There's a reason a rooster's crow rouses the farm from a night's slumber: It can be a very, very loud noise. It's so loud, in fact, that you have to wonder how roosters don't lose their hearing.

Which is exactly what researchers from the University of Antwerp and the University of Ghent in Belgium were wondering when they undertook this study in the journal Zoology. The secret? Roosters can't really hear themselves cock-a-doodle-doo.

A crow for your ears only

Our ears are delicate. A sound louder than 120 decibels — which is roughly the sound of a chainsaw — can cause permanent hearing loss. The air pressure waves from the noise can, over prolonged exposure, harm or even kill the cells that convert sound waves into the noises our brains can process. At 130 decibels, all it takes is half a second to cause a bit of hearing damage.

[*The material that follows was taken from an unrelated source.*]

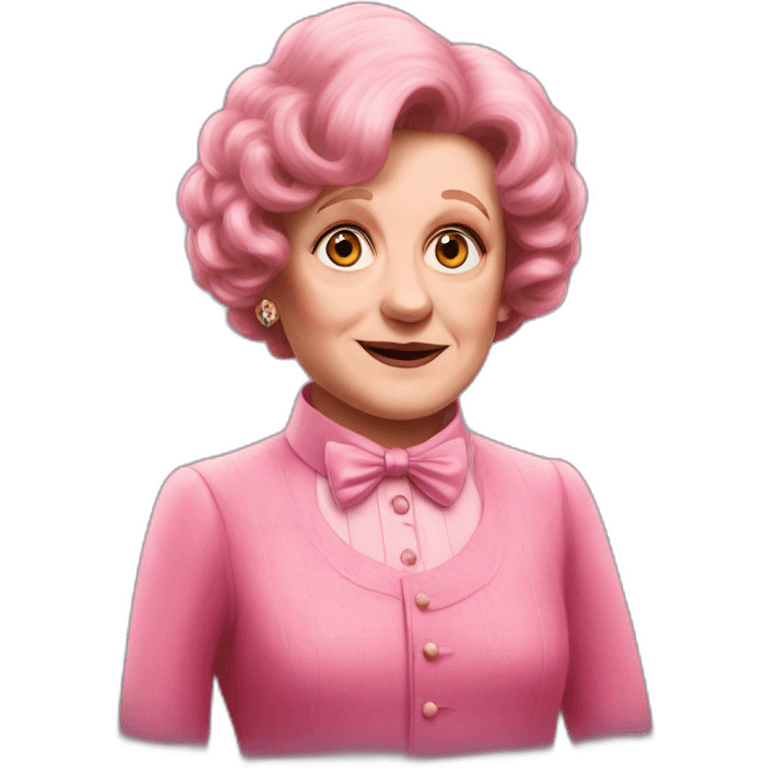 Umbridge emoji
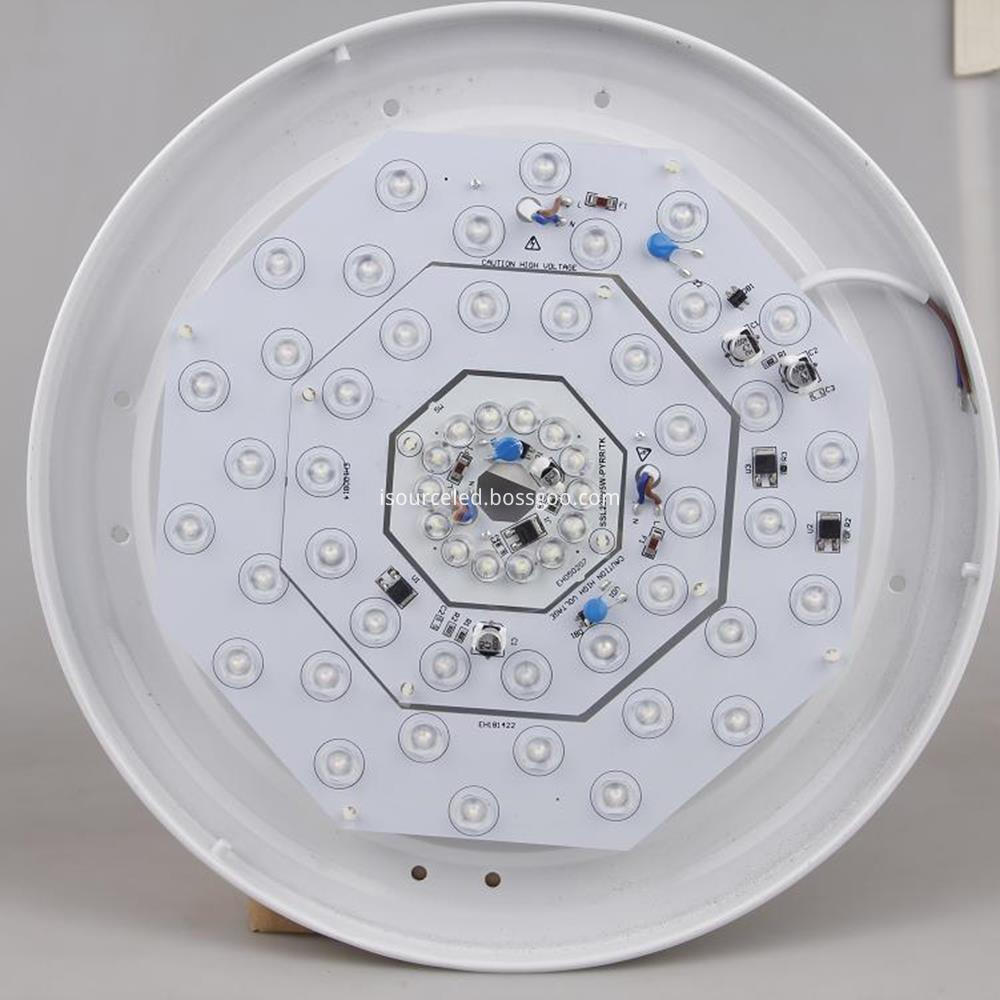 Homebase led round ceiling led 18w Lighting module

Given that roosters can crow at least as loud as 100 decibels, or the decibel level of a jackhammer, you'd expect them to experience some modicum of deafness over the course of their lifetimes. Instead, they continue to hear just fine — and to greet the new day with a blaring hoot.

To figure out just how loud the roosters got, and how they were able to keep their hearing, researchers strapped microphones to the heads of three roosters, with the receiving end pointed at their ears. This was done to measure the sound levels that the roosters themselves would hear when they crowed. The crows were also measured from a distance away. And one other measurement was taken: the researchers performed micro-CT scans on roosters and hens so they could pick apart the geometry of how sounds bounce around in their respective ear canals.

The decibels levels were all over 100 decibels, meaning loud enough to potentially cause damage. One rooster even hit 140 decibels, or the sound level on an aircraft carrier deck, and easily loud enough to cause some damage.

It turns out that roosters keep themselves safe from their own crows with an anatomy adaptation. When they open their beaks to the fullest, a quarter of the ear canal closes and soft tissue covers 50 percent of the eardrum. Basically, they have built-in earplugs that protect them from their own noises. Hens are also protected. Like roosters, the hens' ear canals also close up, but not as much as their male counterparts' do.

This built-in protective ability makes sense from an evolutionary perspective. Crowing also serves as a warning to other roosters that this particular group of hens is spoken for — so superlatives rule. The loudest rooster would end up being seen as the most fit to mate with the hens.